◆ Work to complete
A faithful copy of every entry is the goal; keep the images out of it.

==== Supplied material

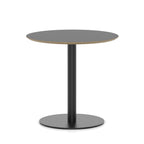 Round black table with metal frame on a white background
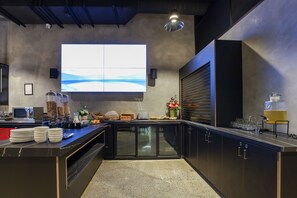 A modern kitchen with a large island, built-in appliances, and a large window displaying a scenic view. - The Viv Hotel (Wellington)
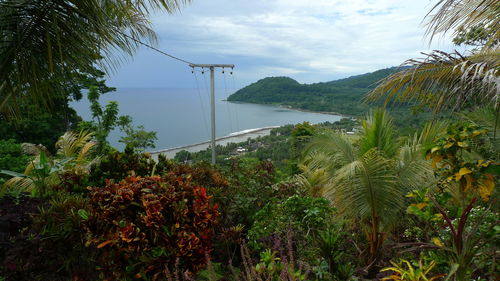 Scenic view of sea against cloudy sky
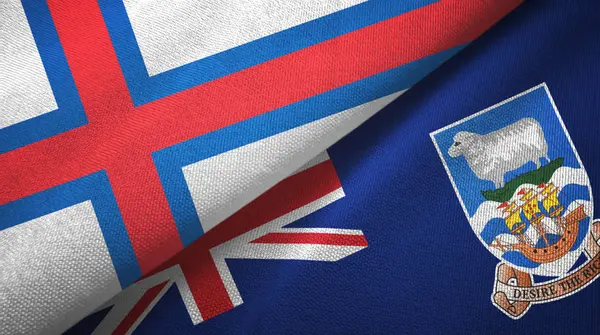 Фарерские острова и Фолклендские острова два флага текстильная ткань, текстура ткани — стоковое фото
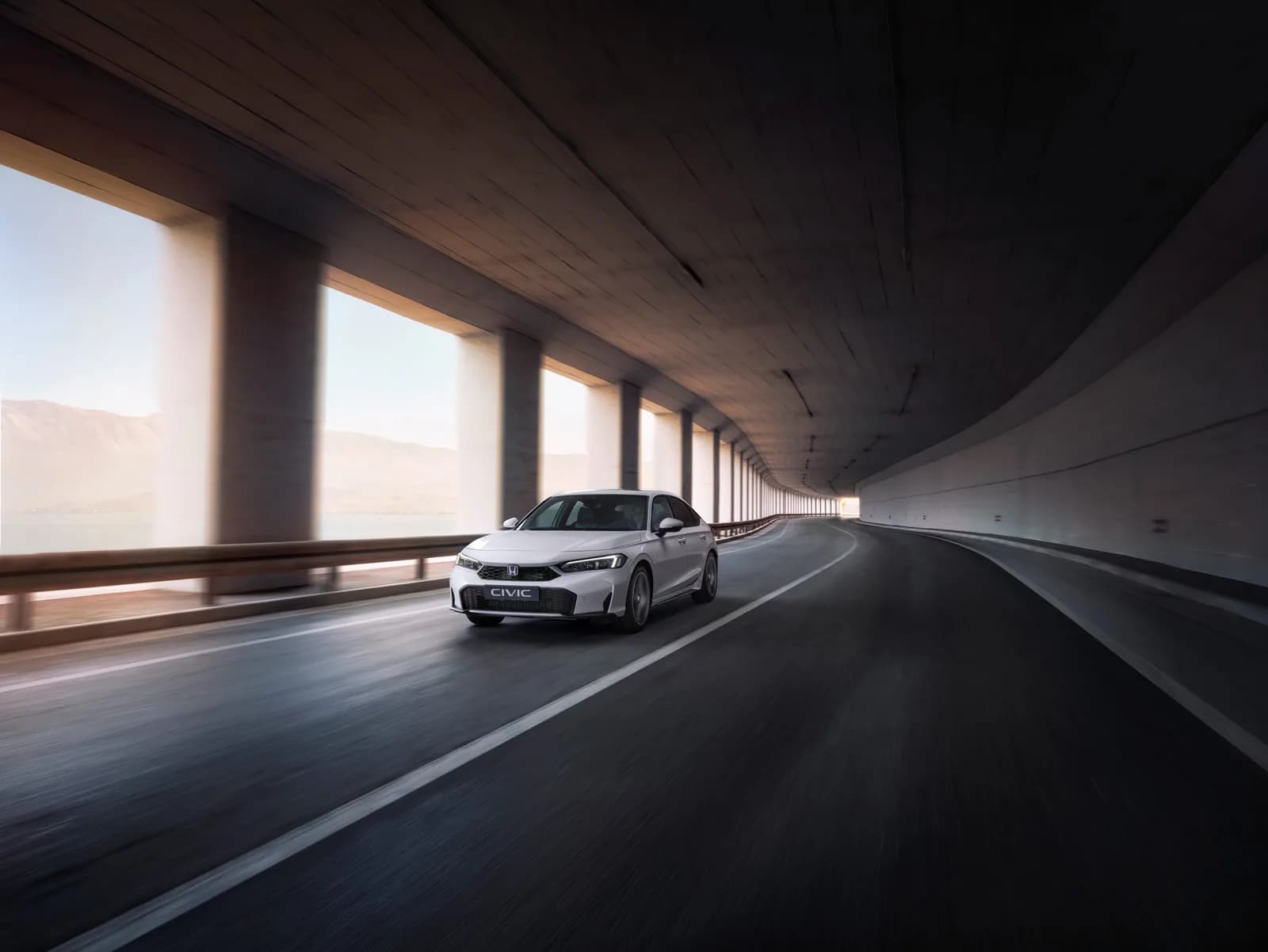 Honda Civic albă, în mișcare, printr-un tunel rutier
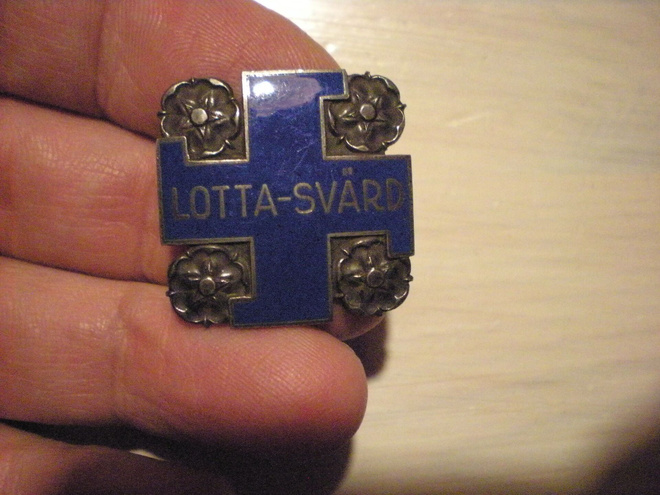 Hopeinen Lotta merkki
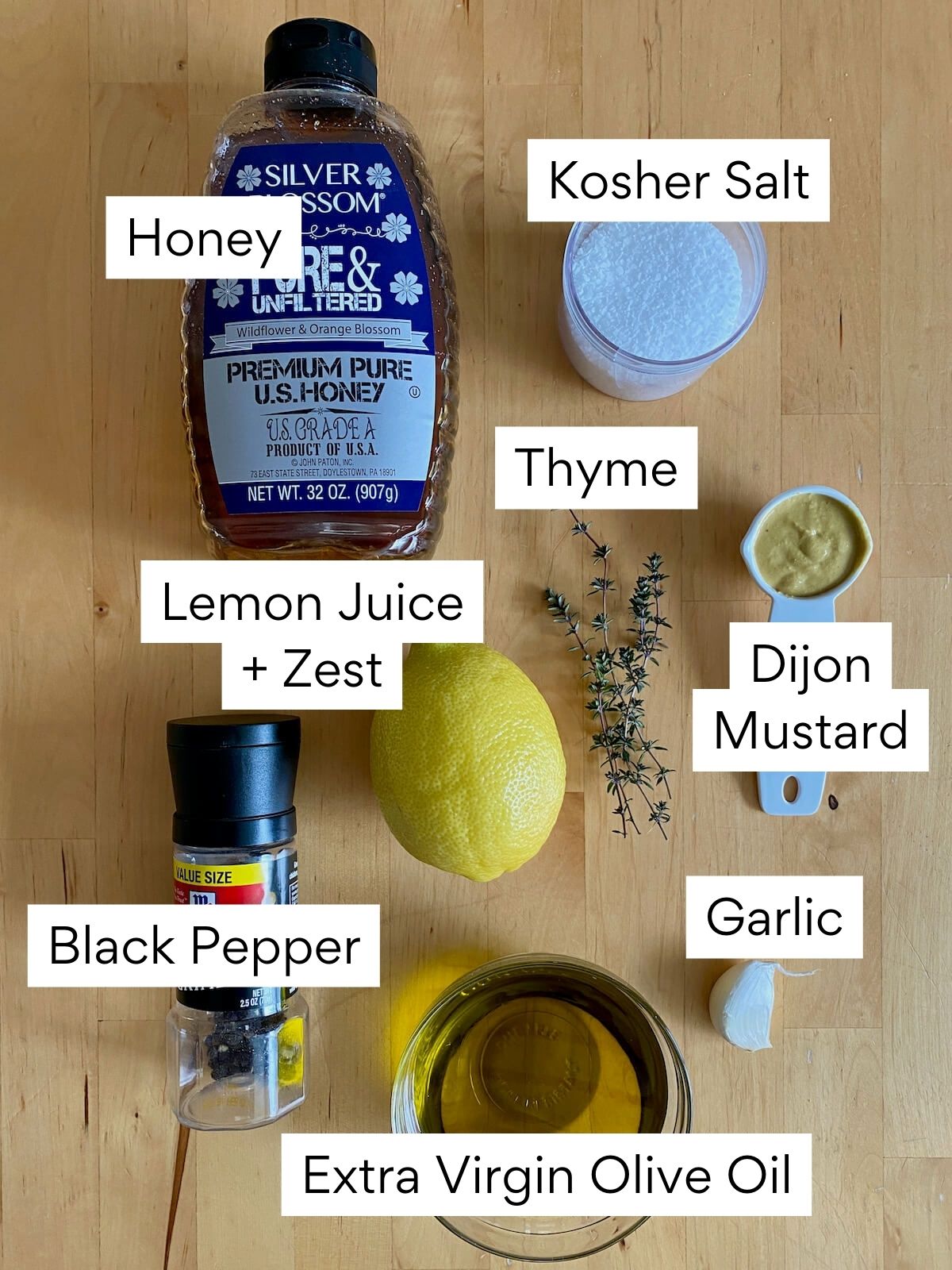 The ingredients to make lemon thyme vinaigrette dressing. Each ingredient is labeled with text. They include honey, kosher salt, thyme, lemon juice, lemon zest, dijon mustard, black pepper, garlic, and extra virgin olive oil.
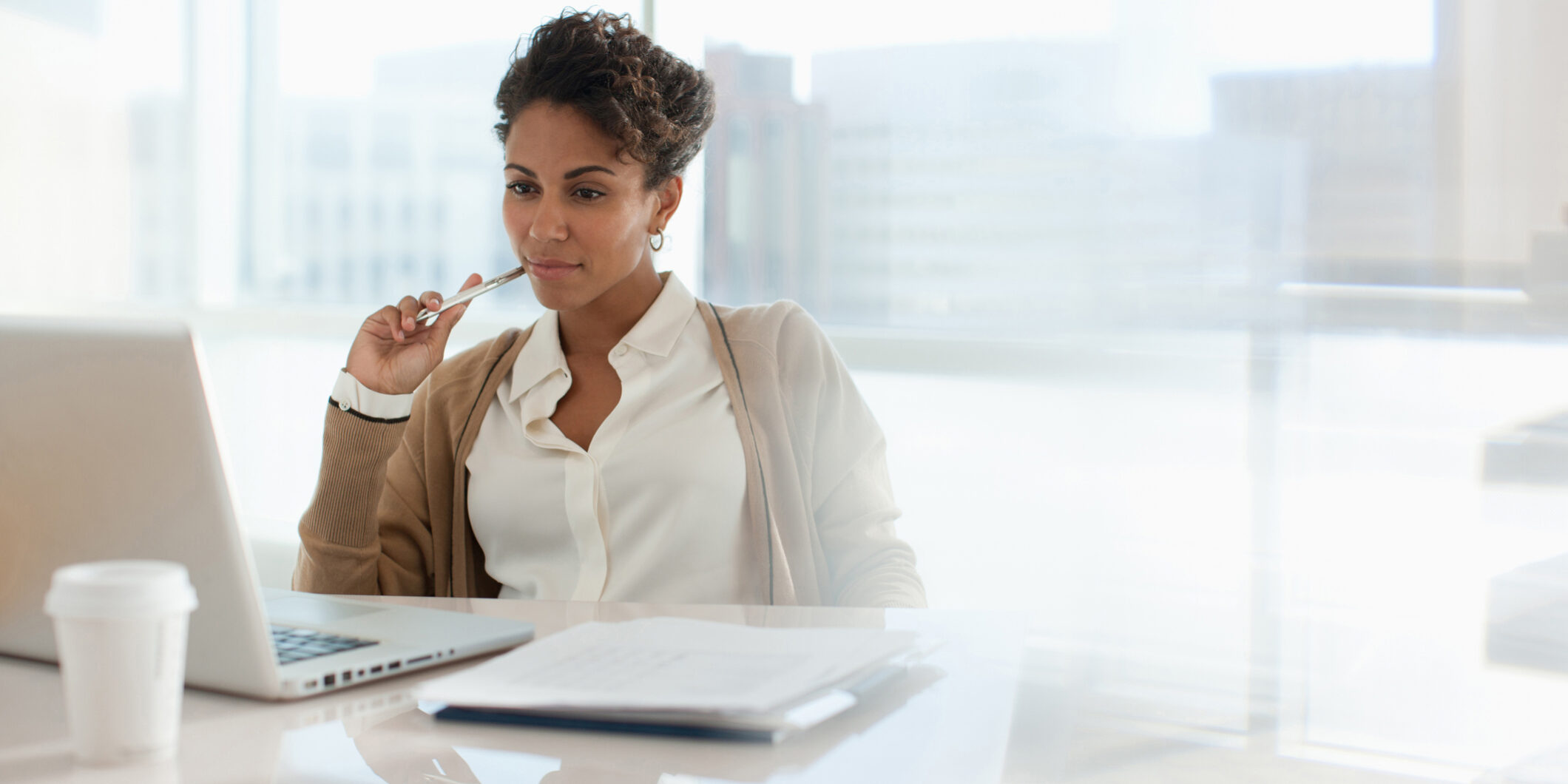 Woman filling out paperwork for compliance.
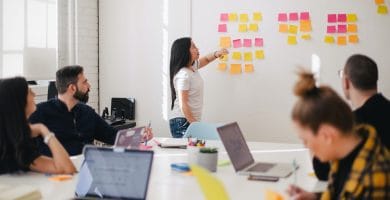 How to develop the Marketing Plan and Integrate it into the Business Plan 8 marketing plan, woman placing sticky notes on wall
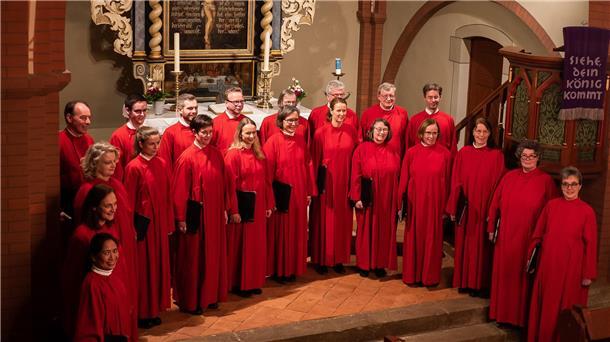 Chorkonzert in der St.-Dionysius-Kirche am 2. November Menschen in roten Chorgewändern stehen vor einem Altar.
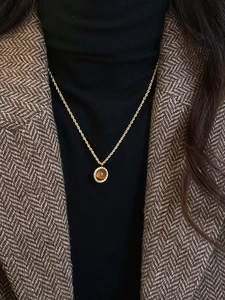 Détail du collier pendentif œil de tigre rond sur chaîne dorée porté sur un blazer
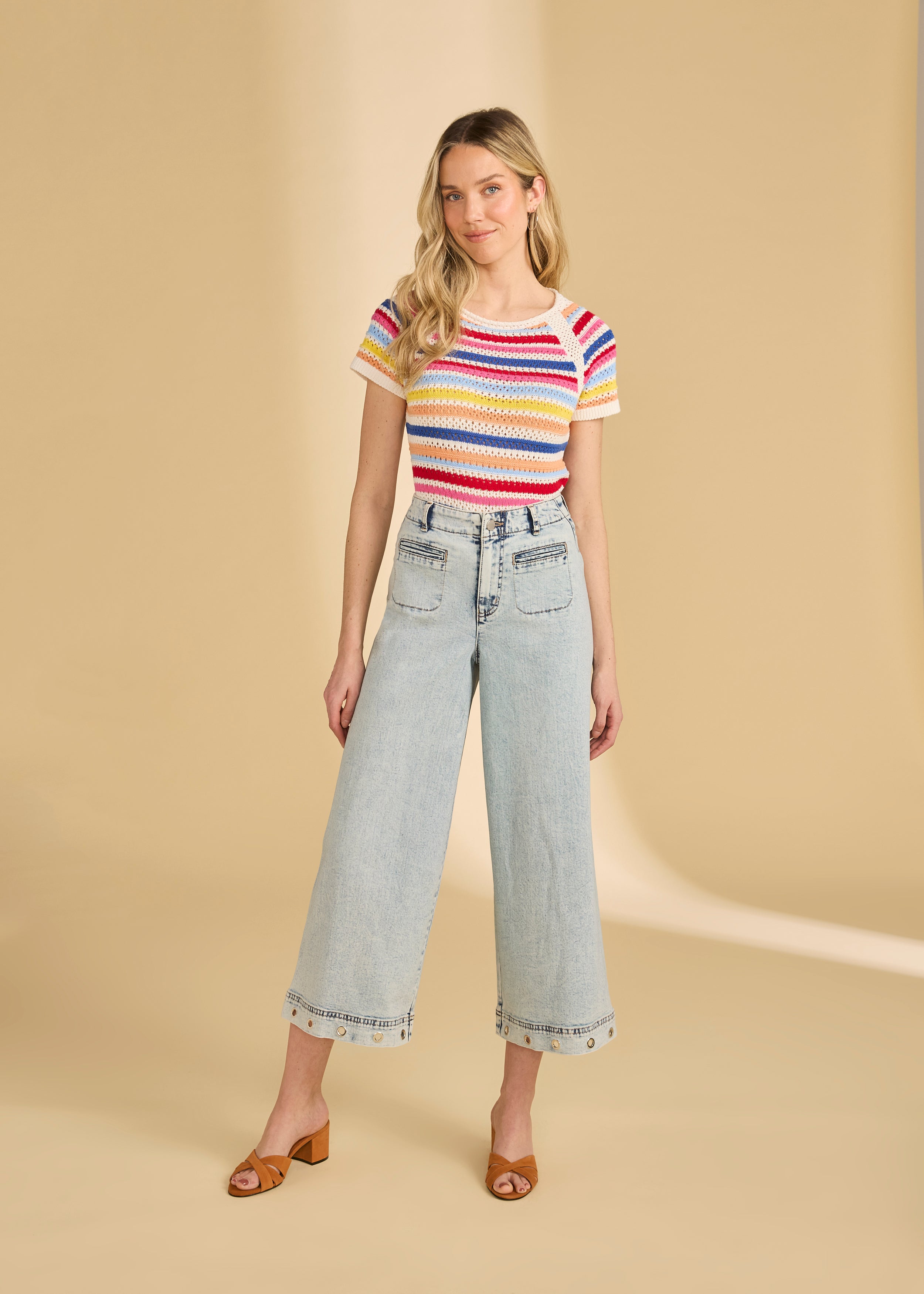 Full body view of multi-color stripe sweater styled with light denim jeans by French Dressing Jeans (FDJ)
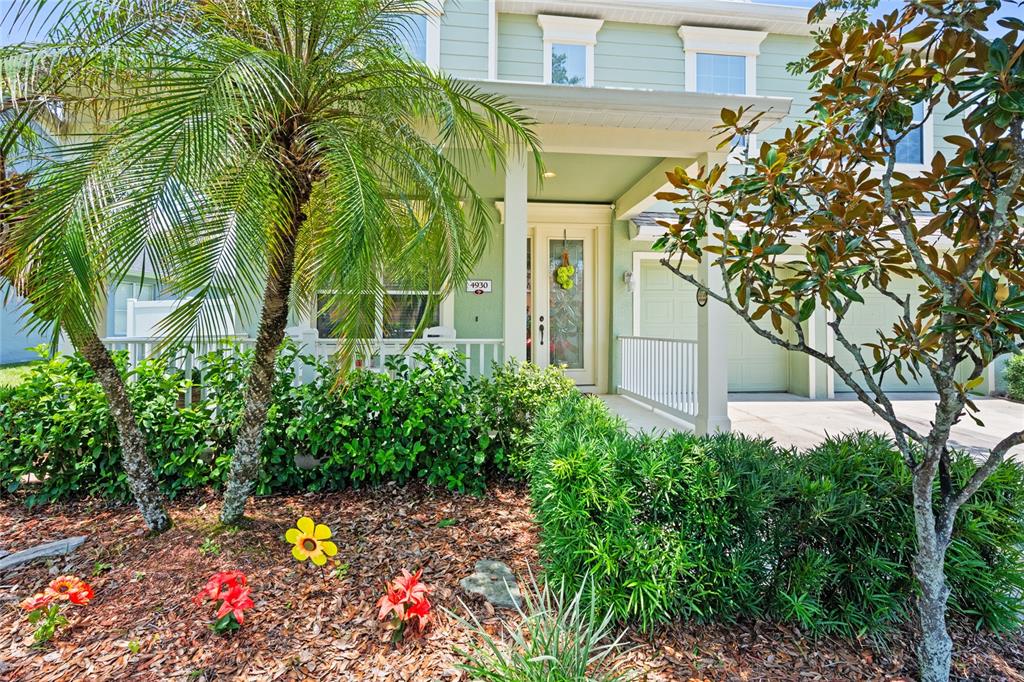 A light green two-story house features a front porch, palm tree, and landscaped garden — 4930 ATWOOD DRIVE, ORLANDO, FL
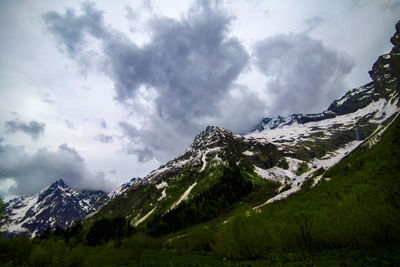 Scenic view of snow covered mountains against cloudy sky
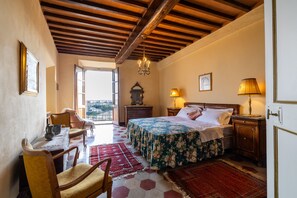 A bedroom with a wooden ceiling, a bed with a floral bedspread, a nightstand with a lamp, a chair, a table with a pitcher, and a view through an open door. - CASTELLO DI SOVICILLE- RESIDENZA D'EPOCA (Sovicille)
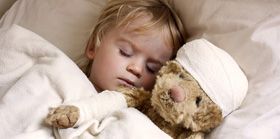 boy and teddybear in bed
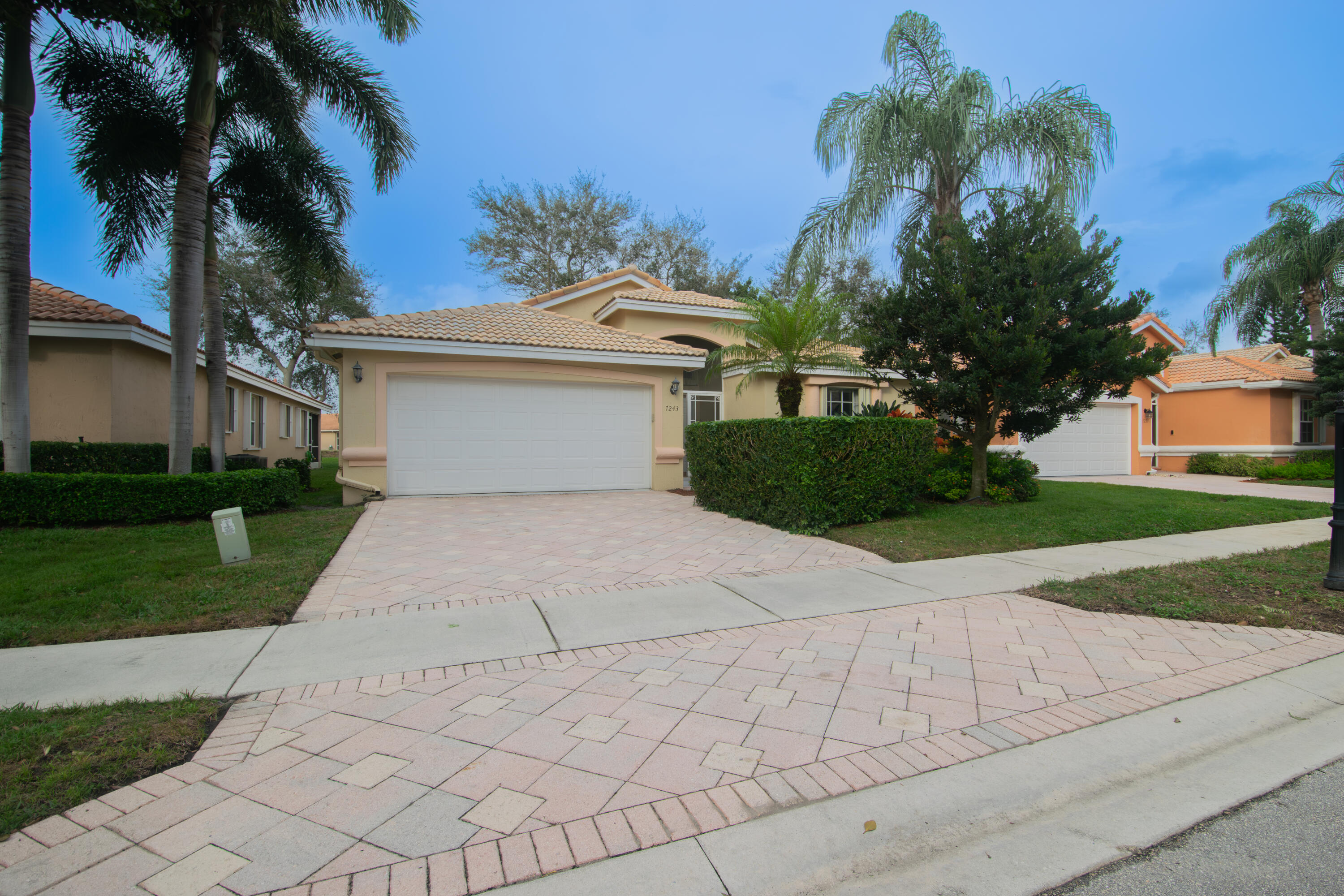 a front view of a house with a yard and palm trees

========

◆ Result of this exercise
 Round black table with metal frame on a white background
 A modern kitchen with a large island, built-in appliances, and a large window displaying a scenic view. - The Viv Hotel (Wellington)
 Scenic view of sea against cloudy sky
 Фарерские острова и Фолклендские острова два флага текстильная ткань, текстура ткани — стоковое фото
 Honda Civic albă, în mișcare, printr-un tunel rutier
 Hopeinen Lotta merkki
 The ingredients to make lemon thyme vinaigrette dressing. Each ingredient is labeled with text. They include honey, kosher salt, thyme, lemon juice, lemon zest, dijon mustard, black pepper, garlic, and extra virgin olive oil.
 Woman filling out paperwork for compliance.
 How to develop the Marketing Plan and Integrate it into the Business Plan 8 marketing plan, woman placing sticky notes on wall
 Chorkonzert in der St.-Dionysius-Kirche am 2. November Menschen in roten Chorgewändern stehen vor einem Altar.
 Détail du collier pendentif œil de tigre rond sur chaîne dorée porté sur un blazer
 Full body view of multi-color stripe sweater styled with light denim jeans by French Dressing Jeans (FDJ)
 A light green two-story house features a front porch, palm tree, and landscaped garden — 4930 ATWOOD DRIVE, ORLANDO, FL
 Scenic view of snow covered mountains against cloudy sky
 A bedroom with a wooden ceiling, a bed with a floral bedspread, a nightstand with a lamp, a chair, a table with a pitcher, and a view through an open door. - CASTELLO DI SOVICILLE- RESIDENZA D'EPOCA (Sovicille)
 boy and teddybear in bed
 a front view of a house with a yard and palm trees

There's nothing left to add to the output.